What Baba Moi had began with Special Branch torture chambers, Emilio achieved with co-option and widespread pork-barrel politics. What Uhuru and, now, Ulliam inherited was a civil society that is not just a pale shadow of its 19980s and 1990s self, but one that is utterly unable to look itself in the mirror with pride. What we used to know as civil society, especially the section that acted as the real check and balance to the institutions of the State, is a deeply conflicted sector that is today renown for the contortions it engages in to preserve its privileges, whether from foreign influence peddlers or the State itself.
Take the recent policy declarations by the Government regarding public funding for high education institutions, the re-introduction of the shamba system in forest lands, the "comprehensive" review of the competency-based curriculum for basic education, and the plan to plant 5 billion trees in 5 years.
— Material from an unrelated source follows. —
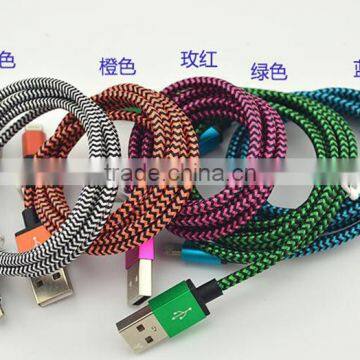 Top Selling New Design Woven Type USB Data Cable for Android Smartphone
The public discussion of these issues has not been led by well-reasoned arguments from surviving members of the Third Sector but by vested political interests looking to influence the outcome not for the good of the people but in order to demonstrate ones political capital and how it can be wielded to support or undermine the still-nascent government of the day.
No one demonstrates the depths to which civil society has fallen than the Robert Mugabe of the Human Rights Civil Society. In the late 1980s and early 1990s, he and his partners played a leading role, together with the Law Society and ministers of faith like Henry Okullu, David Gitari and Ndingi Mwana a' Nzeki, to hold the Government to account when Parliament failed to do so. They articulated the issues that affected our day to day lives with clarity and passion and when they aligned themselves with Opposition politicians, it was with wariness and skepticism, not with their begging bowls out as is the case today. Civil society stalwarts were notable for the personal sacrifices they made, not the longevity of their tenures at the pinnacle of civil society organisations.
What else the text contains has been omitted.